◆ TASK ITEM:
Please repeat each line below exactly, with no images in the copy.

◆ DATA PROVIDED:

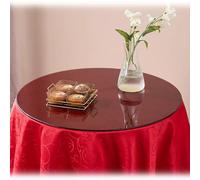 ksxnkhk Brown 36inch Round Glass Table Top, Replacement Tempered Dining 1/4" Thick Top(98cm(39in))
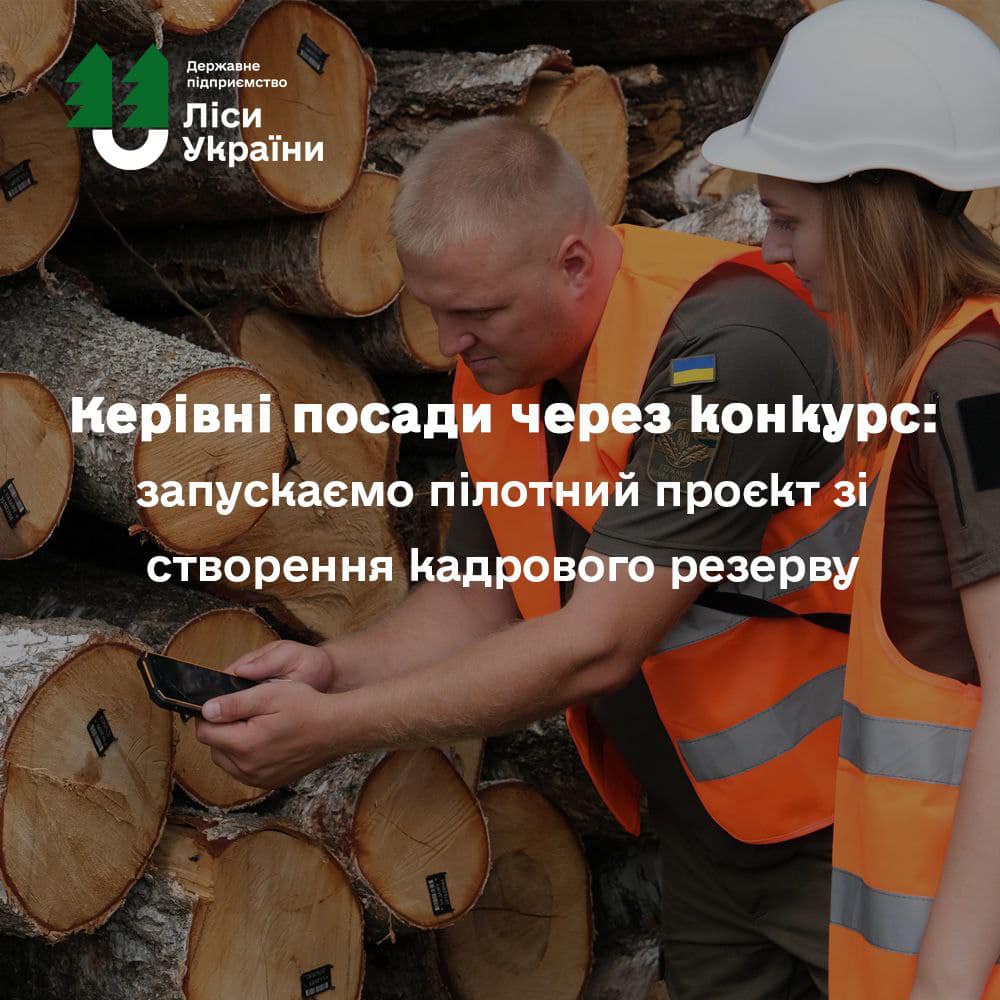 Керівні посади через конкурс: запускаємо пілотний проєкт зі створення кадрового резерву ДП «Ліси України»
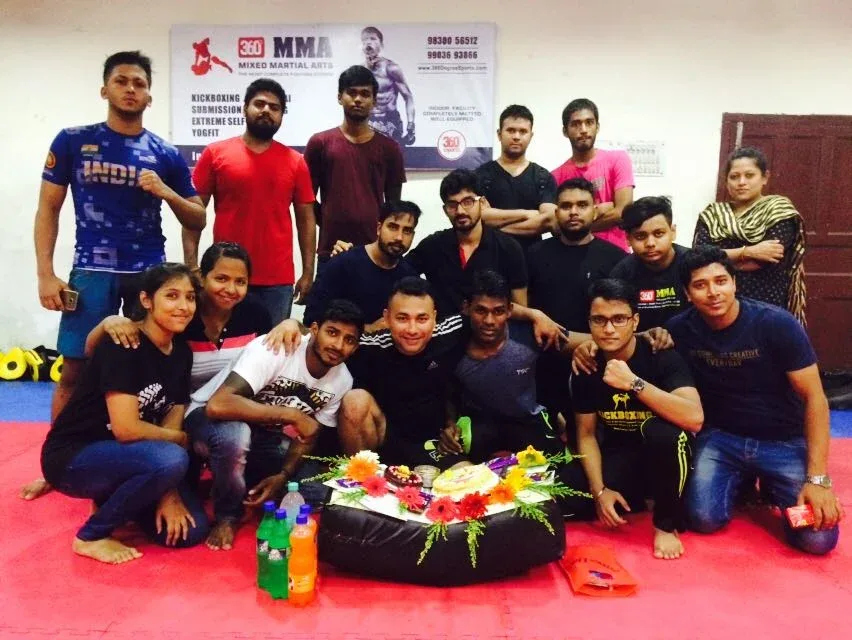 360 Degree Sports Academy - Jadavpur Kolkata - Mixed Martial Arts MMA Kickboxing Grappling BJJ Jiu-Jitsu Wrestling sports academy in Kolkata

◆ FINISHED TASK:
 ksxnkhk Brown 36inch Round Glass Table Top, Replacement Tempered Dining 1/4" Thick Top(98cm(39in))
 Керівні посади через конкурс: запускаємо пілотний проєкт зі створення кадрового резерву ДП «Ліси України»
 360 Degree Sports Academy - Jadavpur Kolkata - Mixed Martial Arts MMA Kickboxing Grappling BJJ Jiu-Jitsu Wrestling sports academy in Kolkata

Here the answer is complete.